As marketing professionals we too have to be concerned with understanding human behaviour, whether this is for B2B or B2C applications. In this endeavour, there are a myriad of tools, techniques and data at our disposal to make this process profitable for the business and rewarding for the customer.
There is also no doubt that the range of tools available to us has increased exponentially in the last decade and this growth shows no sign of slowing. This raises very real issues of complexity in determining the optimal marketing strategy and how this is supported by the effective use of data, analytics and technology. Just like a motorist or a pedestrian, our decision-making is a function of our experience and mistakes can be costly.
In recent years, technology has revolutionised many aspects of business life and marketing is no different. Automated campaign control cycles linked to a single view of the customer across all communication channels have revolutionised direct communication processes, particularly given the very granular data available through digital channels.
These platforms have enabled many stakeholders to have a common view of all campaign processes and their associated metrics have provided a genuine ability to vary investment by segment and to deliver the experience that a customer demands. Digital marketing technology has the ability to very quickly test the appetite for new offers or products and has consequently seen online media spend climb to more than 20% of total spend in the UK.
For those businesses that have achieved significant efficiency gains from marketing technology, there is no doubt that this has changed how marketing functions plan their strategies. This is because an efficient, multi-channel infrastructure bestows an ability to enhance the degree of personalisation for the customer, at a speed that was not previously possible and at a unit cost that ensures the Finance Director remains a committed stakeholder.
However, for some organisations, investment in marketing technology has not delivered an acceptable return, a sad fact that is the result of a range of factors that varies significantly from one organisation to another. For many, this is the result of a failure to align a number of other vital components such as customer data, data feeds, predictive models, organisational structures, processes and incentives. I want to focus on the alignment of two of these to a clear and effective technology strategy.
The first is the critical asset that is customer data. Such data can only be an asset to a business and its marketing function if it is integrated, collected, stored, managed and enhanced both accurately and fairly. The second is an ability to mine or model this data in such a way that future customer behaviour can be predicted with a high degree of accuracy.

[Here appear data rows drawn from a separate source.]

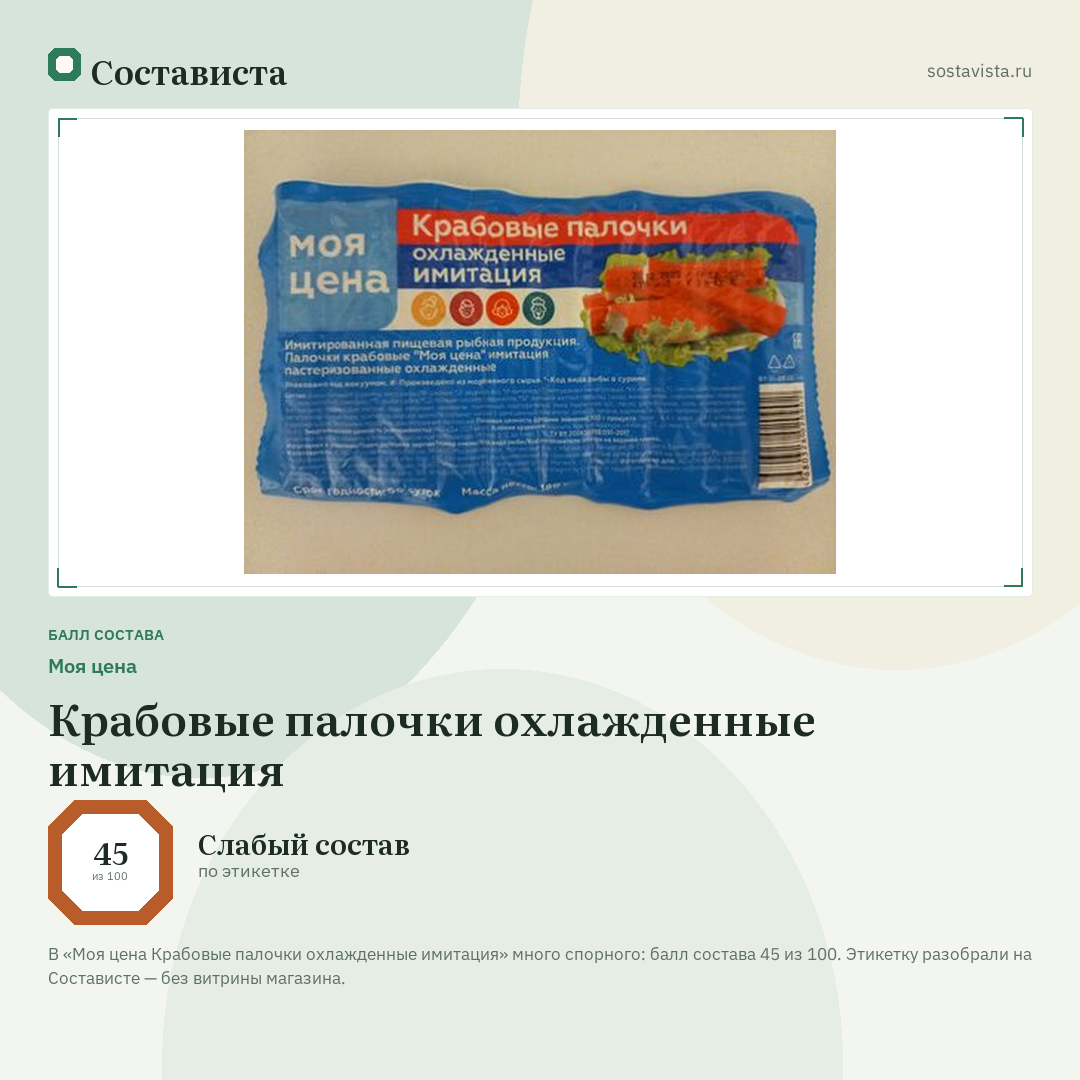Моя цена Крабовые палочки охлажденные имитация: балл состава 45 из 100 — Состависта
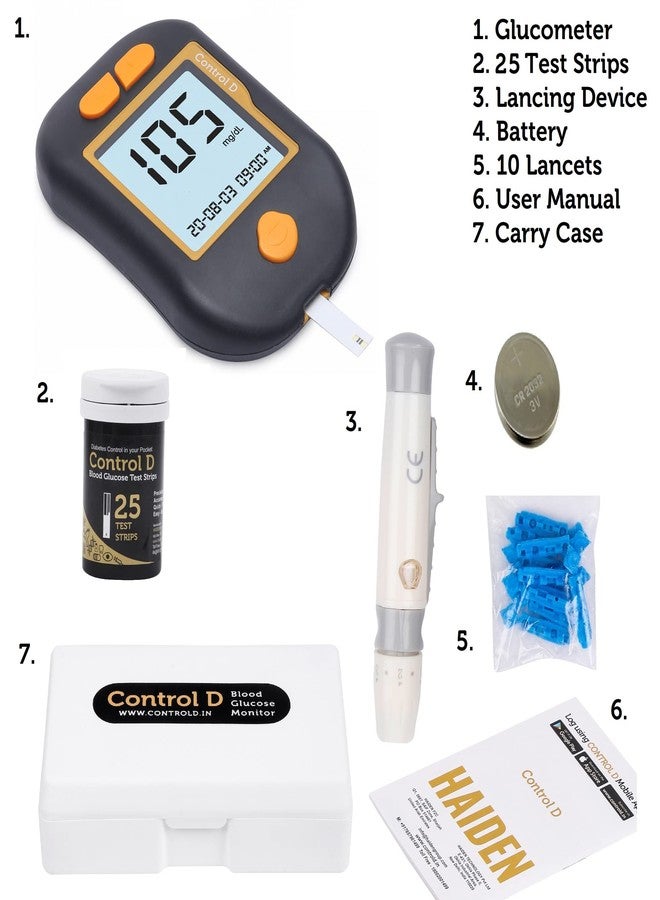 كونترول_دي جهاز مراقبة سكر الدم الرقمي المتقدم من Control D مع 25 شريط قياس (أسود، أخضر) - Image 2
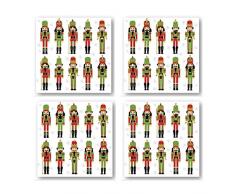 KIG Exclusives Papierservietten Nussknacker Soldat Gold Silber Elfenbein Weihnachten Luncheon Napkin- Set of 2 rot, grün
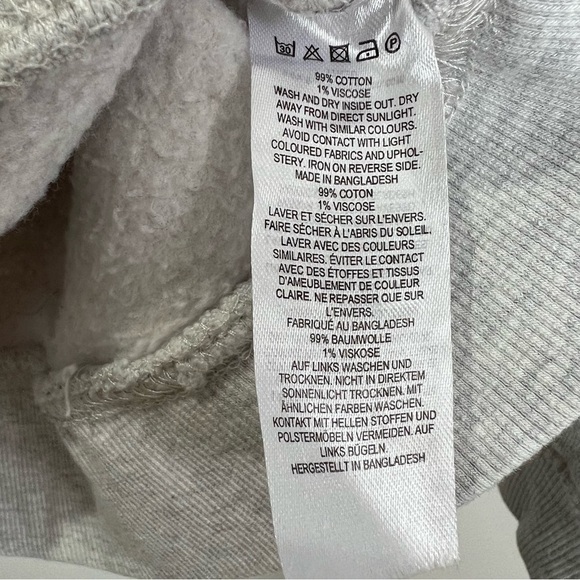 French Connection Heathered Grey Bull Dog Crew Neck Cropped Sweatshirt XS - Picture 7 of 8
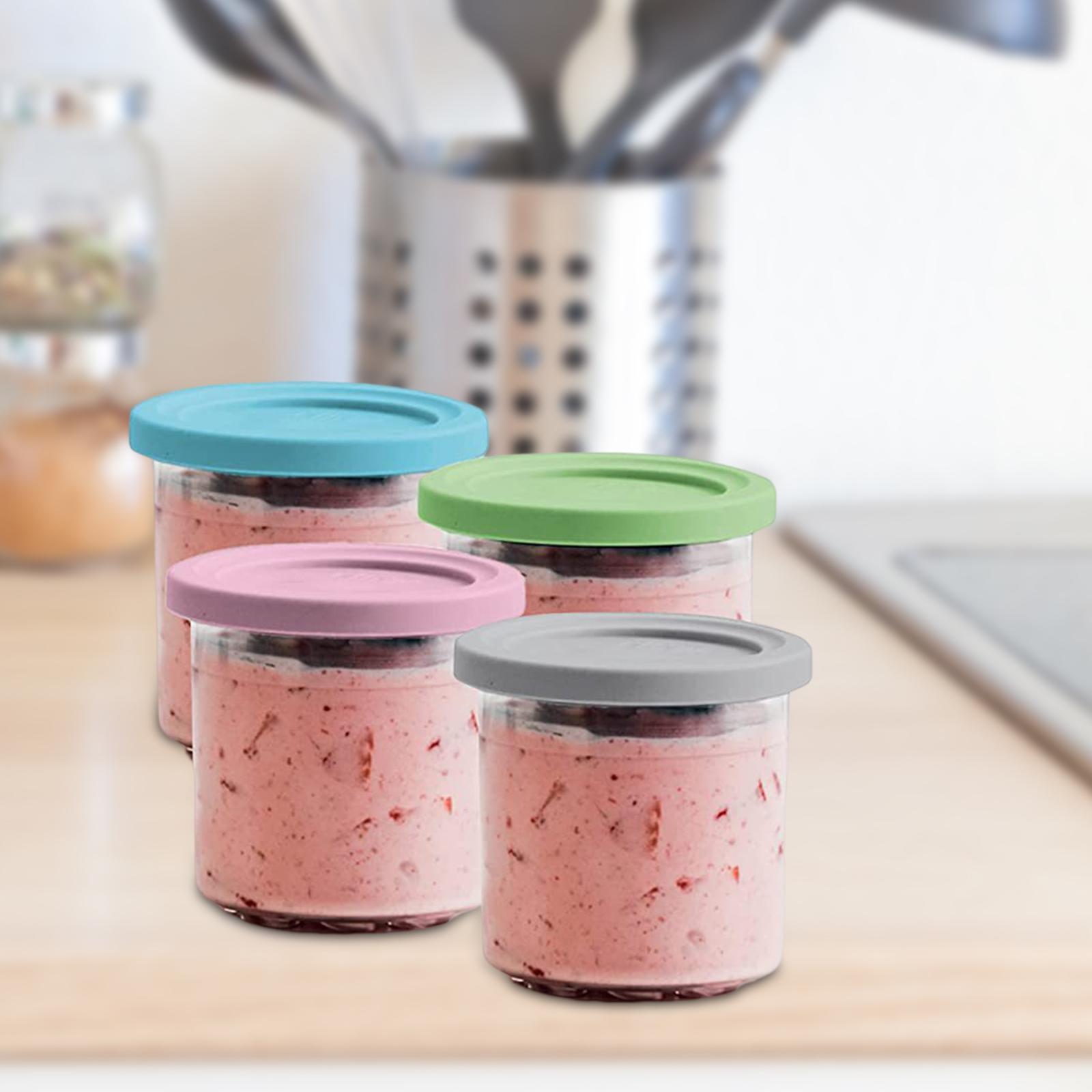 4Pcs Freezer Food Storage Tubs with Silicone Lid for Kitchen Restaurant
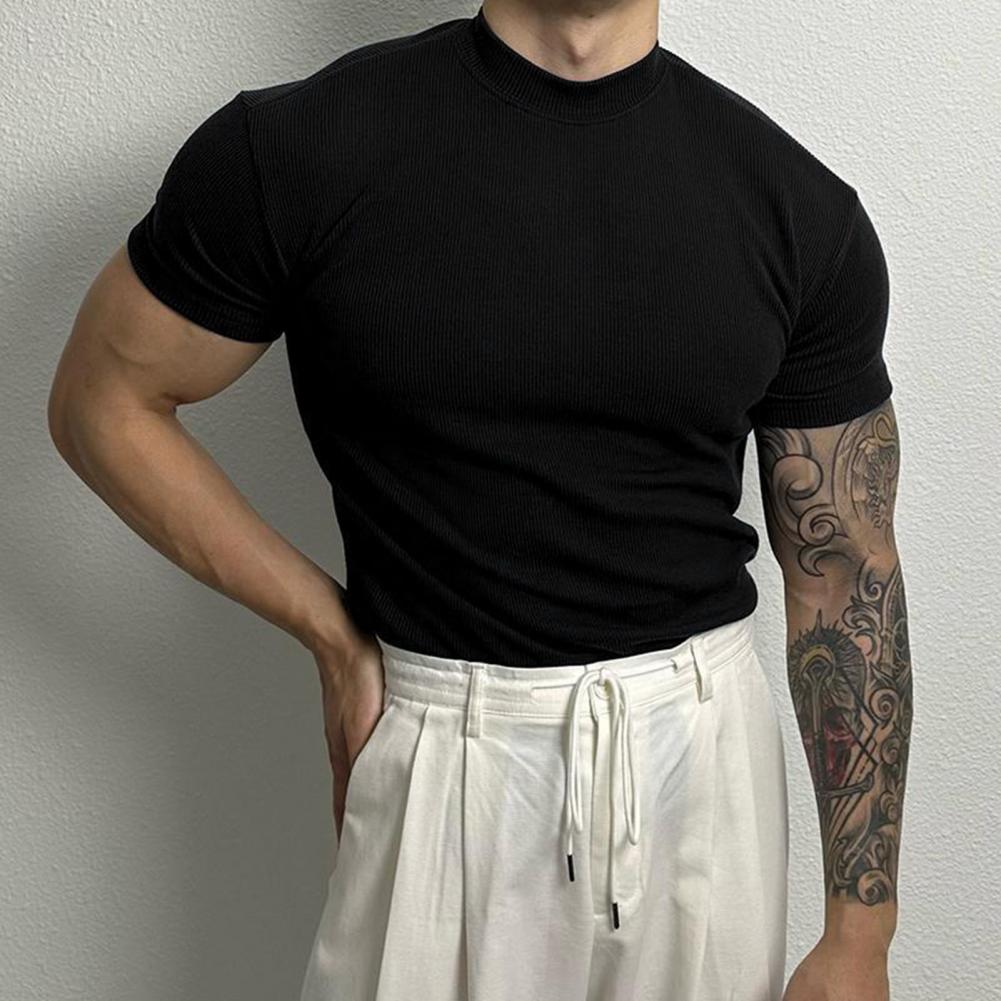 Men's ribbed short sleeve top - contemporary and versatile shirt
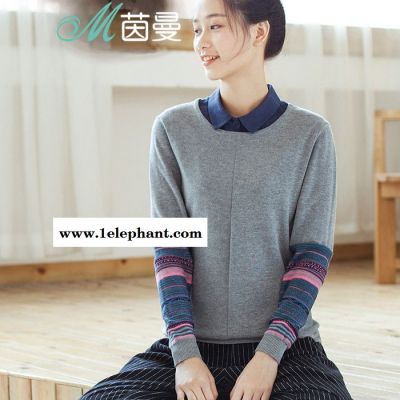 茵曼 2016秋装新款简约民族提花长袖套头毛衣女直筒时尚图2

Out-of-time sampling to ensure that models for response, conversion or value accurately predict behaviour going forward is vital, as is the use of the appropriate technique for the data available. In turn, these models should operate within customer segments that are small enough to be manageable, but large enough to be meaningful and truly reflect how similar groups of customers actually behave over time.
One key behavioural characteristic that organisations are increasingly having to model accurately is price sensitivity, something that requires the requisite modelling expertise as well as a commitment to price testing and integration within a broader segmentation. This ultimately ensures that price and non-price factors reside at customer level and ideally within a technology environment that is fast enough and flexible enough to capitalise on the sophisticated customer insight that can be derived.
Clearly the purpose of all of this is to ensure that the next prompted or unprompted contact with a customer moves the relationship and the brand forward, in a manner that is visible to both parties and at an acceptable cost. There is no doubt that those organisations that align technology, data strategy and effective use of behavioural modelling achieve a competitive advantage and that this is sustainable in the long term.
It is also true that for some organisations these components are superseded by an emphasis on brand equity in isolation, with insufficient focus or investment in technology, behavioural analysis and data.
If we behave according to our experience and environment, it should perhaps not be surprising that the emphasis for company boards and marketing departments is not a wide, integrated approach to managing customer insight, but one of silos and certain disappointment.